Take the statement “it is as if we never had a choice at all”. It suggests that, because our choice was inevitable, we were not really making a choice. But we literally (actually, objecively, empirically) did make a choice. In fact, had we not made a choice, the waiter would have never brought us our dinner.
So, figurative statements may be colorful and rhetorical, but they cannot be taken literally, without distorting the truth.
Thus, causal necessity, through figurative usage, acquired many implications that are simply false. When we remove these many false suggestions, causal determinism once again becomes simple cause and effect, and not some monstrosity trying to rob us of our freedom and control.
Whenever a choosing event appears in a causal chain, there will always be at least two things that you CAN choose even though there will be only one thing that you WILL choose. The notion of “possibility” evolved to cope with our lack of omniscience. If we were omniscient, we would never use the word “can”, but only the word “will”. It is only when we do not know what will happen (or what we will choose) that we invoke the context of possibility, and imagine what can happen (or what we can choose).
There is a logical blunder in the notion that determinism means we “could not have done otherwise”. Unfortunately, this blunder is entrenched in the traditional notion of determinism. While what can happen constrains what will happen (if it cannot happen then it will not happen), the reverse is not true. What will happen does not constrain what can happen or what could have happened.
For example, you buy a couple of ice cream cones, one chocolate and the other vanilla. You say to your daughter, “I have two ice cream cones. You can choose the chocolate or the vanilla, and I will have the other.” Then she chooses the chocolate.
Now what will she say when you say to her, “You COULD NOT have chosen the vanilla”? If she’s bright she will say, “You must be lying. Just a moment ago you said I can choose the vanilla, and now you’re saying I could not have chosen it. Either you were lying then or you are lying now!”

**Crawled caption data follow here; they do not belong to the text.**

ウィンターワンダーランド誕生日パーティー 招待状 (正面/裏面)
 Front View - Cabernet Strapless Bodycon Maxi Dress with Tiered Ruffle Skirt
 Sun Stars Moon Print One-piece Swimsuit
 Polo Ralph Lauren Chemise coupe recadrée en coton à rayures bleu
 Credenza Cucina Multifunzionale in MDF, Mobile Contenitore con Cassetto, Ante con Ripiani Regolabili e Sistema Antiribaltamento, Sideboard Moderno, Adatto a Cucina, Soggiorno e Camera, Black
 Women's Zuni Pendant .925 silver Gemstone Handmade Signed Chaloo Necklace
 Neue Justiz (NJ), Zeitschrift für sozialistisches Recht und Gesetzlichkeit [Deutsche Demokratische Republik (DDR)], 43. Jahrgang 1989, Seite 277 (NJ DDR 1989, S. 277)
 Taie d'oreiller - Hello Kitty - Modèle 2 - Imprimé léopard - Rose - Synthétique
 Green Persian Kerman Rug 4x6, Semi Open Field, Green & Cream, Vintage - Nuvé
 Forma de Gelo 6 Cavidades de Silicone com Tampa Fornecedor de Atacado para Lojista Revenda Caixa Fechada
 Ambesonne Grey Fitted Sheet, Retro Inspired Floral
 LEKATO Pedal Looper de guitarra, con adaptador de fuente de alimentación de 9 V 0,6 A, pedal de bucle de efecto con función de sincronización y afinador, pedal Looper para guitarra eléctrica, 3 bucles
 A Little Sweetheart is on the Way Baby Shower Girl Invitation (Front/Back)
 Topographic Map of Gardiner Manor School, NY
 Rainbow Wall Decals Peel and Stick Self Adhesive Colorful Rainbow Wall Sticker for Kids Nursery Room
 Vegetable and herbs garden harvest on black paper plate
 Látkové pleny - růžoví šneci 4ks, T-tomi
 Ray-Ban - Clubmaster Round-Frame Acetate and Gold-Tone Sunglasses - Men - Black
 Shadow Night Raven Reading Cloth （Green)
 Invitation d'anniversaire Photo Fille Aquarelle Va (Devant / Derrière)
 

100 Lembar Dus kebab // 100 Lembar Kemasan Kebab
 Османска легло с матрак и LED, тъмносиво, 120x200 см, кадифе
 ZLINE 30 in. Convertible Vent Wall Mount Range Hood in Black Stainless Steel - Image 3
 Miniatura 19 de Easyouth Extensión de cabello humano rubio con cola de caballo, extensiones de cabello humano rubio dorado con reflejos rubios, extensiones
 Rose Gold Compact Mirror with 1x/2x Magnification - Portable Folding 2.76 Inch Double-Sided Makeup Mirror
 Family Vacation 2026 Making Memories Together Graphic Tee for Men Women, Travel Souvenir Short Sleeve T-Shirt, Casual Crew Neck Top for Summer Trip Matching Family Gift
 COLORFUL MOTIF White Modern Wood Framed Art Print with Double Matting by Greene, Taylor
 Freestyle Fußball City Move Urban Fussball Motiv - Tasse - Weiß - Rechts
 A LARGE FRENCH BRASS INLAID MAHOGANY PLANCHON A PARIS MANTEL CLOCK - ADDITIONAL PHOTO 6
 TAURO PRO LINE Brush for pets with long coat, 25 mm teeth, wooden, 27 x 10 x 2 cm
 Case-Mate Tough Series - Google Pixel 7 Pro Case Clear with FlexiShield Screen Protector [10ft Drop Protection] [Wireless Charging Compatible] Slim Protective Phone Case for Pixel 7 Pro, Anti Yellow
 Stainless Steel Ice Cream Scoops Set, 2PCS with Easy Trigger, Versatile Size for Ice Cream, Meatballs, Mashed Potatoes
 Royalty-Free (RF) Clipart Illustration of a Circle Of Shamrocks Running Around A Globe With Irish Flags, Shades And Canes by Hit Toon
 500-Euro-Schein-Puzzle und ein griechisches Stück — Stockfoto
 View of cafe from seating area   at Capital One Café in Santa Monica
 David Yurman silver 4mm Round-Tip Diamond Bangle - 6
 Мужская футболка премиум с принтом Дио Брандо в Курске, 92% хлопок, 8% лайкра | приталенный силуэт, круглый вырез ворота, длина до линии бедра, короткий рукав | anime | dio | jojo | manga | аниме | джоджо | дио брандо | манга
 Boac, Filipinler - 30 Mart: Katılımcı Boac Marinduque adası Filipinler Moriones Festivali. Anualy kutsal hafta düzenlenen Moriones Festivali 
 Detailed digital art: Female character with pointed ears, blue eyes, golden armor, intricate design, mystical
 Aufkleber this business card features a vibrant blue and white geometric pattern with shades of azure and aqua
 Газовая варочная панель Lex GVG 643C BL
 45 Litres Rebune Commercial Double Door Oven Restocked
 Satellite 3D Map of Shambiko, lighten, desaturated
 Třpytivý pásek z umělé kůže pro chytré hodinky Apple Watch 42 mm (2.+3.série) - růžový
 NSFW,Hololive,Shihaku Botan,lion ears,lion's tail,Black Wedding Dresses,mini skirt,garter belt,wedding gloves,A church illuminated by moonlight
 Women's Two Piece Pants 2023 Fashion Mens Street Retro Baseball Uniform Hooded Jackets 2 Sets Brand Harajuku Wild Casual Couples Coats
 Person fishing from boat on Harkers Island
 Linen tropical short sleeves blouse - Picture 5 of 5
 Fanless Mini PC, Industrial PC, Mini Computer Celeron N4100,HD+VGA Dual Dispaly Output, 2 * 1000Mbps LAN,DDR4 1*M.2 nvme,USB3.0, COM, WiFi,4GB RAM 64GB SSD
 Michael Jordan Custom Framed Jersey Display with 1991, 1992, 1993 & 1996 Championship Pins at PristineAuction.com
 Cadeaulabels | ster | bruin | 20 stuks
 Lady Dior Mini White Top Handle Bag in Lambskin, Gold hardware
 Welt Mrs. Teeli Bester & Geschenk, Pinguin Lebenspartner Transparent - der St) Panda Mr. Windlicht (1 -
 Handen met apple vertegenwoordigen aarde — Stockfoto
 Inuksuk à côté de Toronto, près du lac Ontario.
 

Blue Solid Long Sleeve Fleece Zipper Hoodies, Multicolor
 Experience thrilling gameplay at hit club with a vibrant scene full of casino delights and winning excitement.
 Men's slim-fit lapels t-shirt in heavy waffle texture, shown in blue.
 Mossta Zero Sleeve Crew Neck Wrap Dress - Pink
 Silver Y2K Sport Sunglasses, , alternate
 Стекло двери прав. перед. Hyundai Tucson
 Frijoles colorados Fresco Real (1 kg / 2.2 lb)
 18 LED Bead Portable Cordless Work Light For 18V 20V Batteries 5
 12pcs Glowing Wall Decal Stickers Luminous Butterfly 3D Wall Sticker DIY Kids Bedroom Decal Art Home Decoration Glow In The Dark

And, she’s right of course. But if you told her “You WOULD NOT have chosen the vanilla”, she will easily agree. She knows she like chocolate best, and would not have chosen the vanilla.
The statement, “I chose the chocolate even though I could have chosen the vanilla” is considered true in both its parts.
And this is the situation with every choosing operation. There will always be more than one thing that we CAN choose, even though there is only one thing that we WILL choose. And because “I can choose vanilla” was true at the beginning, “I could have chosen vanilla” will be forever true of this choice at the end.
People who object to the claim that they “could not have done otherwise” are not making a metaphysical assertion. They are simply using the English language correctly.
Determinism cannot validly assert that we “could not have done otherwise”. It may only truthfully assert that we “would not have done otherwise”.
The cause of this error is figurative thinking. If it is the case that only one thing would happen, then it seems to us AS IF only one thing could happen. But, like every other figurative statement, it is literally false.